The IDF started Operation Northern Shield Dec. 4 to neutralize the border tunnels dug by Hezbollah from Lebanon into Israeli territory. But the goal of Israel’s operation is apparently not only to protect residents of northern Israel from Hezbollah fighters.

Indeed, at a meeting with the heads of the towns and villages in the region on Dec. 11, Prime Minister Benjamin Netanyahu painted a horrific scenario in which “on some rainy, foggy day, Hezbollah emerges from the tunnels and kidnaps our people.” But according to the prime minister, there is more to the the tunnel network he'd said earlier on Dec. 4 “is part of a regional and global network of terror and aggression directed and funded by Iran.” The operation on the border with Lebanon is targeted at “Iran’s terror arm in Lebanon," he emphasized. Seated next to Netanyahu at that same event, IDF Chief of Staff Lt. Gen. Gadi Eizenkot promised “to keep hitting the Iranian entrenchment in the northern arena.”
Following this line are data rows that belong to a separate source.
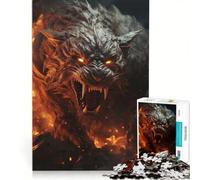 Puzzle da 1000 pezzi per adulti, Maledetto segugio infernale, gioco pratico, decorazione per la casa, compleanno e Natale 50x75cm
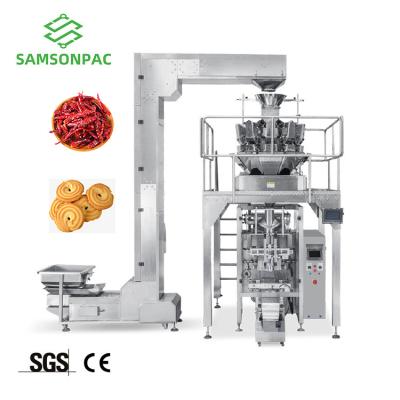 China Food Food Industry Used Automatic Vertical Pellets Packing Machine For Nuts And Small Biscuit for sale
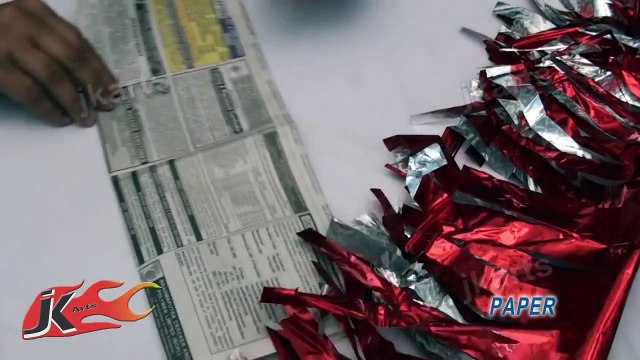 DIY How to make Cheer leading Pom Poms (School Project for kids) - JK Arts 111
Although Hezbollah has had access to the tunnels for two or three years, the organization has not used them. Israel’s intelligence community believes Hezbollah Secretary General Hassan Nasrallah has no interest in attacking Israel as long as his forces are deployed in Syria and his precision missile project is in its infancy. Although Hezbollah relies on Iran, it is first and foremost focused on internal matters. Like other groups that have become established movements, such as Sinn Fein in Ireland, it bears responsibility for the welfare of civilians if it wants to exert control and maintain its power.

In fact, ever since Israel withdrew its troops from Lebanon in May 2000, Nasrallah has initiated no war against Israel. Right after the Second Lebanon War in 2006, he declared that had he known Israel would land such a heavy blow on Lebanon, he would have foregone the kidnapping of the two Israeli soldiers that set off the deadly Israeli reaction.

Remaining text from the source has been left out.